A lei do piso, continuo dizendo, é emblemática. Ela determina um valor concreto - e muito baixo, diga-se - como vencimento inicial; estabelece critérios para a jornada de trabalho; indica a forma concreta de financiamento - o FUNDEB e a complementação por parte da União, caso o estado ou município comprove que não pode pagar o piso -, e ainda assim os estados e municípios e o governo federal, cada qual à sua forma, recusam-se a aplicá-la. Com a conivência das procuradorias regionais, dos legislativos estaduais e municipais, dos judiciários, e da mídia comprada e vilipendiada.
Ora, diante desta realidade, claramente voltada para a destruição da Educação pública, não resta outro caminho aos educadores senão o da luta, da resistência. O educador que está se aposentando, ou que já se aposentou, ou que esteja ingenuamente iniciando a carreira agora têm o mesmo compromisso de lutar pela salvação da carreira ameaçada e pela Educação pública de qualidade para todos.
Por isso, devemos nos preparar sim, para uma nova greve em 2012. Se o governo de Minas não apresentar uma proposta que contemple o pagamento do piso na carreira como determina a legislação vigente, devemos nos preparar para uma nova greve geral, desta vez mais organizada, mais ofensiva e para fazer tremer o chão do Brasil. Devemos mostrar para todo o Brasil a verdadeira face dos governantes, dos chefes políticos que andam por aí se apresentando como candidatos a presidir o país - quando nos seus estados deixaram uma herança de destruição da Educação e da Saúde -, e da natureza de todos estes grupos e chefes e partidos que se apresentam com um discurso, mas na prática se unem aos de cima para nos massacrar.
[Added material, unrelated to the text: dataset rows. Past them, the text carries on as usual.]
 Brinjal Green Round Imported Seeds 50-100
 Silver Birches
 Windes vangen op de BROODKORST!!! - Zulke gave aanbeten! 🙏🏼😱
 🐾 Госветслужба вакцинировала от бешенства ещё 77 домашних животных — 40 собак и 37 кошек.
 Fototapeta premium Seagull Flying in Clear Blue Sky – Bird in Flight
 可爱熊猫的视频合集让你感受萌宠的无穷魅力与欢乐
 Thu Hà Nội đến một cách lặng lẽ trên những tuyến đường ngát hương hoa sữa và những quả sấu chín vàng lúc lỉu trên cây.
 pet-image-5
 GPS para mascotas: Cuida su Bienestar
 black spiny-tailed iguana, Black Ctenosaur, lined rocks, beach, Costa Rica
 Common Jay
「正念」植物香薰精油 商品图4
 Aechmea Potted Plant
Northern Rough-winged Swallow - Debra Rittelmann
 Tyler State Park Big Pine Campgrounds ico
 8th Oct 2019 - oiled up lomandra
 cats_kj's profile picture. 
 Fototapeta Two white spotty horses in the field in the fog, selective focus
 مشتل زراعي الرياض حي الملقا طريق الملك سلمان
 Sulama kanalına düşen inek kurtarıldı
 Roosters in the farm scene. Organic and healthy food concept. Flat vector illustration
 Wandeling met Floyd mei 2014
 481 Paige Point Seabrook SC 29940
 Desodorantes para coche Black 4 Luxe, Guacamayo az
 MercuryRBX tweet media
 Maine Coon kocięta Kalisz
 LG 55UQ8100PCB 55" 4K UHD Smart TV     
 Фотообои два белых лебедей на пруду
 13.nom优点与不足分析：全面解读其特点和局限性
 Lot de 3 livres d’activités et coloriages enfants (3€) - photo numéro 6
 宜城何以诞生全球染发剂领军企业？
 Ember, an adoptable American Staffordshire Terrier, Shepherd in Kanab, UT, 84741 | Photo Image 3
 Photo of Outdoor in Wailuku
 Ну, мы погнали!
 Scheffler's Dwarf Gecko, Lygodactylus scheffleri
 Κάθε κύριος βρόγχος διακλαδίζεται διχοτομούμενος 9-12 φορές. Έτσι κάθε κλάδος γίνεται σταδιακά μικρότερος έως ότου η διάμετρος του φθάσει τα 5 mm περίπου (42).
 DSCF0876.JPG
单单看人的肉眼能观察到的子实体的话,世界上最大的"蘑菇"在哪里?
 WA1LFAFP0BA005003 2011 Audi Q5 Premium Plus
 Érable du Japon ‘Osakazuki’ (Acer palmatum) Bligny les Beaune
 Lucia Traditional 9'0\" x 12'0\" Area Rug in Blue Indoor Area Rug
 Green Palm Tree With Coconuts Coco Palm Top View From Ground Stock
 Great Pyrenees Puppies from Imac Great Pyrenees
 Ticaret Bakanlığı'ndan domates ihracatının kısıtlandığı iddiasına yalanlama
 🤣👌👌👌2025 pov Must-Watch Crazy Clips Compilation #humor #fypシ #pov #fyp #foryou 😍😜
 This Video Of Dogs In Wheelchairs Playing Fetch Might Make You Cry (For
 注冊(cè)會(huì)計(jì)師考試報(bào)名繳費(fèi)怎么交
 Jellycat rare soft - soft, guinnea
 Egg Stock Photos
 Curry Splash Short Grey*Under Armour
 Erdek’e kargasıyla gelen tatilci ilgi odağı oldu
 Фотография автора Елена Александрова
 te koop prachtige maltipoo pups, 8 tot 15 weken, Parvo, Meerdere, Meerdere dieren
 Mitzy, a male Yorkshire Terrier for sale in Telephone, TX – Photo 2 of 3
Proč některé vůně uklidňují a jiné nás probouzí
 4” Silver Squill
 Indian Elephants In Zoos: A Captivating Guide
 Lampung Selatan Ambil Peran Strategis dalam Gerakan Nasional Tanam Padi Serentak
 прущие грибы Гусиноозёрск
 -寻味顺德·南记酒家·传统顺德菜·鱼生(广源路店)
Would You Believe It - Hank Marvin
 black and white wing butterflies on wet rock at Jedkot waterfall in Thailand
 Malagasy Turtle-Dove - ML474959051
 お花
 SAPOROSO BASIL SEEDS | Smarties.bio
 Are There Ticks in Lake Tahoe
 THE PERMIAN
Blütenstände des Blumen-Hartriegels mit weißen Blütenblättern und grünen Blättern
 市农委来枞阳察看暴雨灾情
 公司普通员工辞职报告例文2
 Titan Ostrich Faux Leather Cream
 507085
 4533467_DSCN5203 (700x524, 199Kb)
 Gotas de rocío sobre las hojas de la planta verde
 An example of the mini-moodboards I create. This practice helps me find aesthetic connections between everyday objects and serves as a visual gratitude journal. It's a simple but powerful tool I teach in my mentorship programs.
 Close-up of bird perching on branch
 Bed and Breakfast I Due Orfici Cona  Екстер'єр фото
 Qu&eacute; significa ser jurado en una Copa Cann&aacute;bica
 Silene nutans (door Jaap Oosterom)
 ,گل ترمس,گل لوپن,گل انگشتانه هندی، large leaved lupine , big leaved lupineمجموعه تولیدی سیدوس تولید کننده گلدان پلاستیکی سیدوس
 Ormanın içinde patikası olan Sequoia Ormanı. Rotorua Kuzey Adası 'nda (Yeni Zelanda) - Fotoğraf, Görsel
A partir, portanto, do dia 16, data da reunião da tripartite, saberemos o que fazer: se o governo mineiro cumprir a lei - e inclusive se dispuser a devolver o que nos tirou neste ano -, haverá um mínimo de condições de trabalho e de pacificação; do contrário, devemos sim nos preparar para os embates maiores que virão. Vamos intensificar as mobilizações e fazer do exercício nas escolas uma prática cotidiana de preparação para a greve e para o enfrentamento contra esta máquina que tem sido usada para destruir seres humanos. Não temos o direito de nos acomodar e de nos resignar ante a tantos ataques que temos sofrido por parte do governo e da sua máquina. Só nos resta a luta. Com uma boa assessoria jurídica e um intenso trabalho em cada escola, em cada bairro, para realmente fazermos valer nossos direitos e interesses de classe.
Um forte abraço a todos e força na luta! Até a nossa vitória!